Original Inuit art sculpture carved by Kelly Qimirpik in Cape Dorset, Nunavut. Dancing Walrus 7471I, sculpted in 2016 in serpentine and caribou antler

Born November 16, 1948 (Ikirasaq, Nunavut) – Died in 2017 (Cape Dorset, Nunavut)

Kellypalik has lived most of his life in Cape Dorset. He started sculpting at the age of 14. He first carved a seal and was happy to sell it. Kellypalik learned to sculpt by watching his brother Allashua Atsiaq and sculpting on his own. He sometimes took Allashua’s rejected sculptures and worked them.

Kelly seriously started sculpting in his twenties. He first learned the trade using hand tools. For most of his career, the artist has chosen to use power tools in carving because stone is not likely to break so easily. He continued to use hand tools for certain areas of his work throughout his life.

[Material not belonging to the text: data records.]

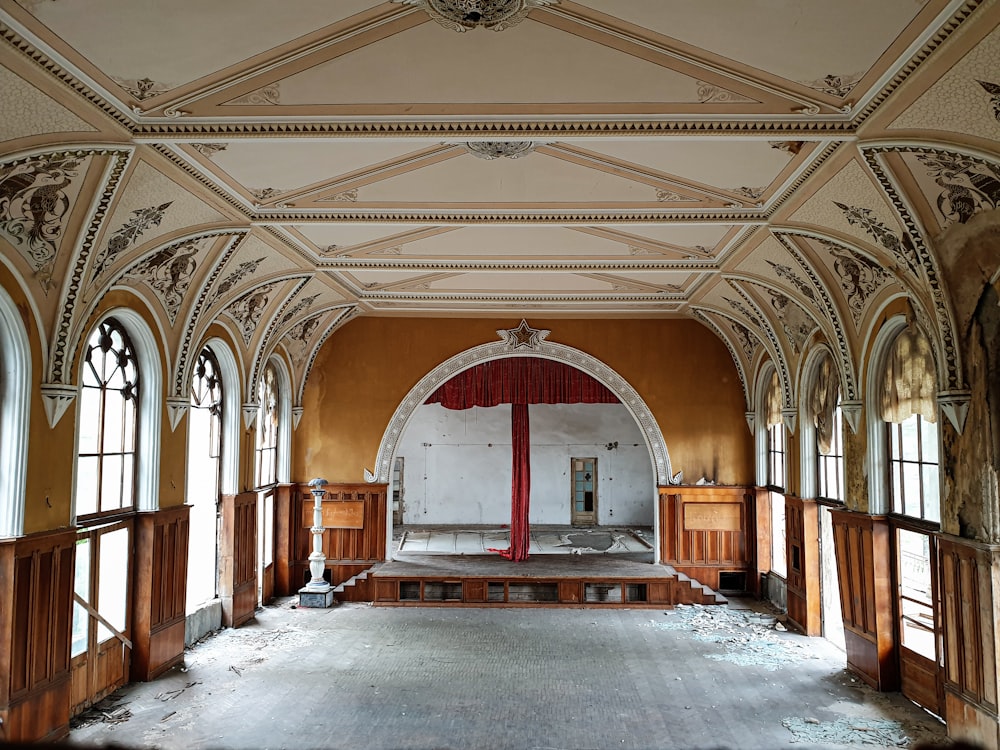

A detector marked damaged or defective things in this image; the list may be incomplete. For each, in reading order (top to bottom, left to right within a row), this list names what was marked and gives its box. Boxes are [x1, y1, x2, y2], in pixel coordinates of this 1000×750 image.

water damaged wall [394, 402, 660, 524]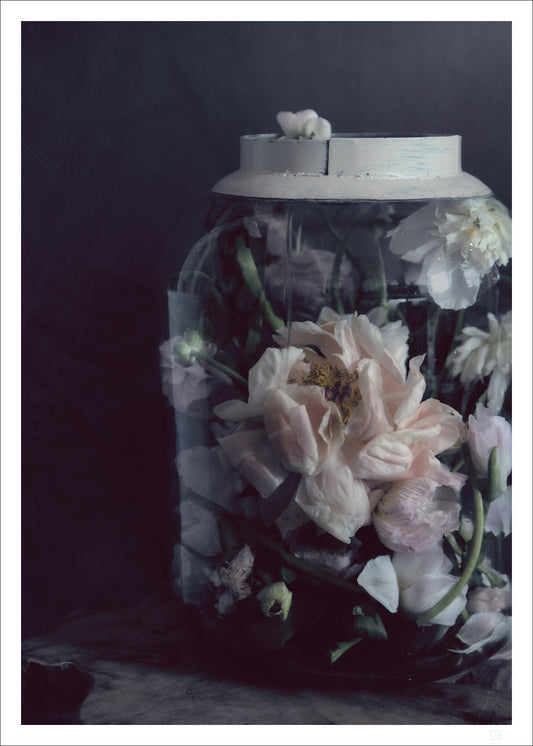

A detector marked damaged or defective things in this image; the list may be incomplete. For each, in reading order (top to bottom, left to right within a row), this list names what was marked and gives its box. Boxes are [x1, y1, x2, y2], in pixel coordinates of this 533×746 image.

chipped painted lid [211, 132, 490, 199]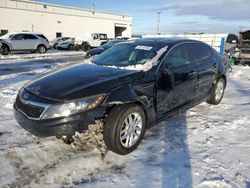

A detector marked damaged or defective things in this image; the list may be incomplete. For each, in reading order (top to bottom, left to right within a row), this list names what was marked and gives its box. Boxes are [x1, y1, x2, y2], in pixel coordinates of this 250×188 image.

damaged front bumper [13, 103, 105, 137]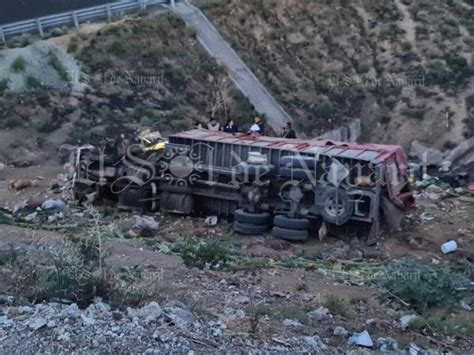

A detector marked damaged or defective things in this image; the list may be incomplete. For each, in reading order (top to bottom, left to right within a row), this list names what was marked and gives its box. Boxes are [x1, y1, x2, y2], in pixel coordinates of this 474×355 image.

overturned truck [72, 130, 412, 245]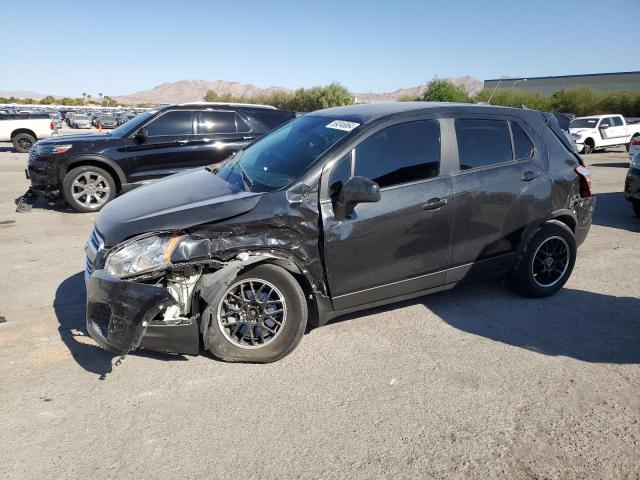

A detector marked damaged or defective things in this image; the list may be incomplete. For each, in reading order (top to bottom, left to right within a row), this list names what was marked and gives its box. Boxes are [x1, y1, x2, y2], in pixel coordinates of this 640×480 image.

broken headlight [104, 233, 181, 278]
damaged hood [95, 168, 260, 246]
damaged gray suv [85, 103, 596, 362]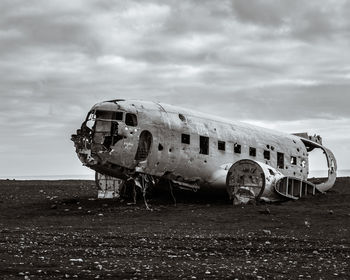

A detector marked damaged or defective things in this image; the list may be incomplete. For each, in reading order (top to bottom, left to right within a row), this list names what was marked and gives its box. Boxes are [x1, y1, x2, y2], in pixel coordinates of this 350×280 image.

broken window opening [135, 131, 152, 161]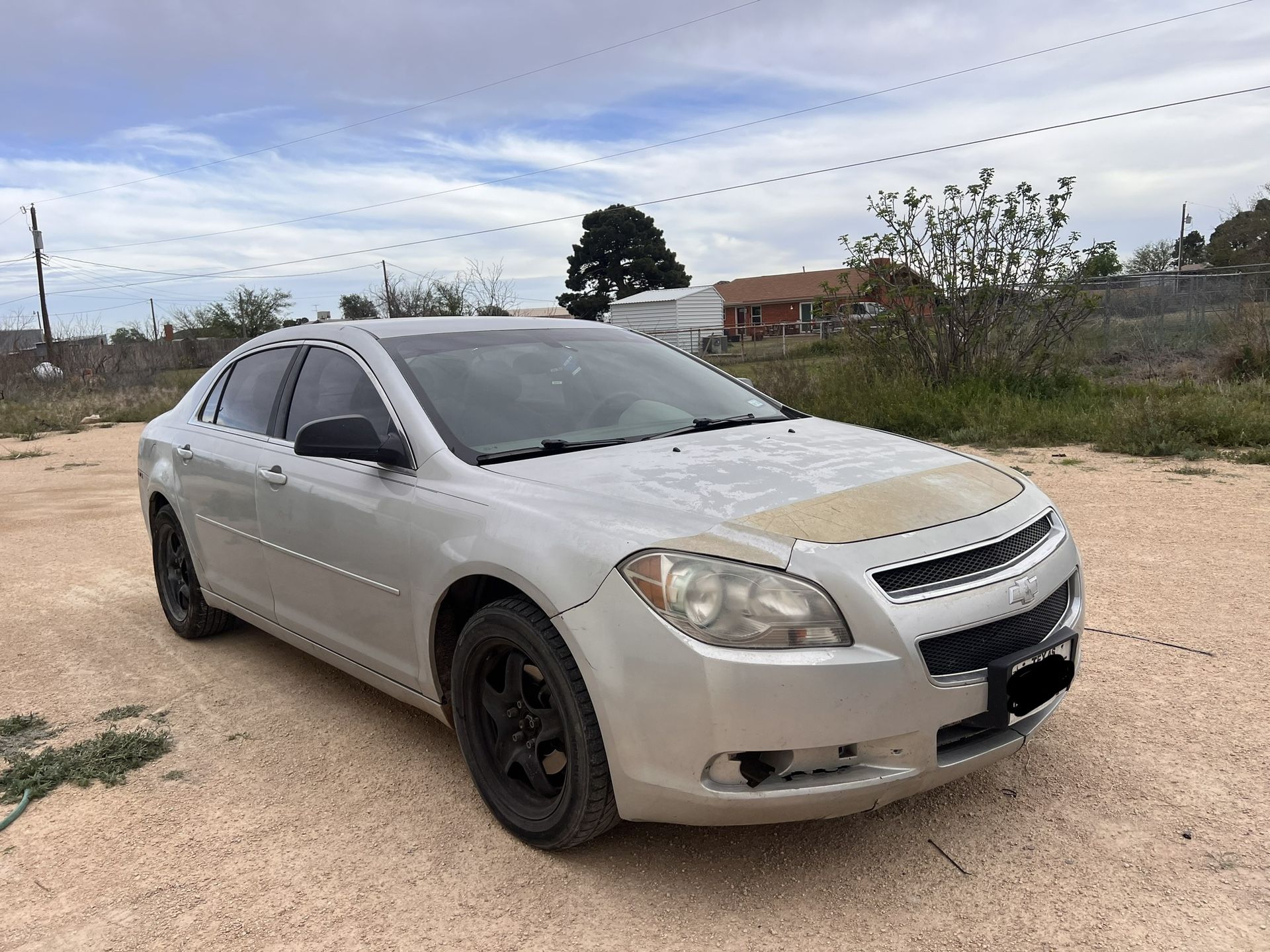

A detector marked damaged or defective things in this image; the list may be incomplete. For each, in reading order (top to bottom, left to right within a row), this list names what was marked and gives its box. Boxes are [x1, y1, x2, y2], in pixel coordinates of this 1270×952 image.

car hood with peeling paint [482, 418, 1021, 543]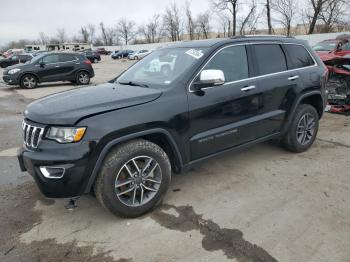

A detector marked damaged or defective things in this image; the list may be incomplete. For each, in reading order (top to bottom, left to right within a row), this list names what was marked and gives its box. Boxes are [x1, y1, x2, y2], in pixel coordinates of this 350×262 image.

damaged vehicle [17, 36, 326, 217]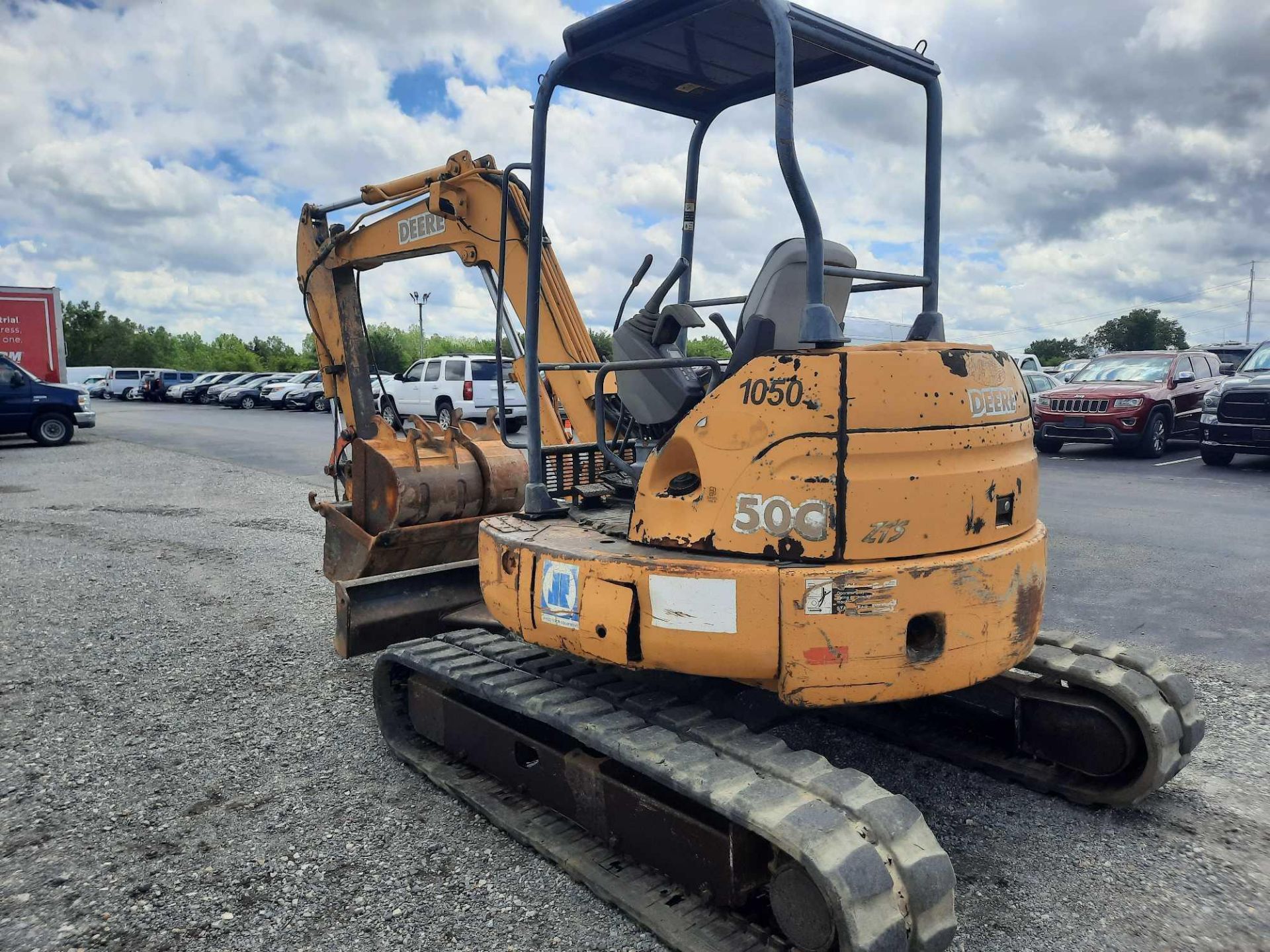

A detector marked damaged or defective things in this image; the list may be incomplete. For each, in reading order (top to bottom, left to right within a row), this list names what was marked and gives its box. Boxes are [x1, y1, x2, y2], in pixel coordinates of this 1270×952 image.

Kelly would often carve animals in herds, but buyers in the community were not at all interested in purchasing such works. It changed his style and he started making dancing animals.
Kelly has explored various subjects over the years using his vivid imagination and the stories of elders. He explored animal transformations and shamanic themes with great skill and knowledge. He often carved arctic wildlife, such as muskox, bears, hares, seals and caribou. He is well known for his finely executed dancing sculptures with joyful movement, humour and expression.

He is remembered as a father and a devoted craftsman. He shared his knowledge and skills with his talented son Pitseolak Qimirpik.

He has exhibited around the world, including Canada, the United States, Germany, Switzerland, France and Greenland.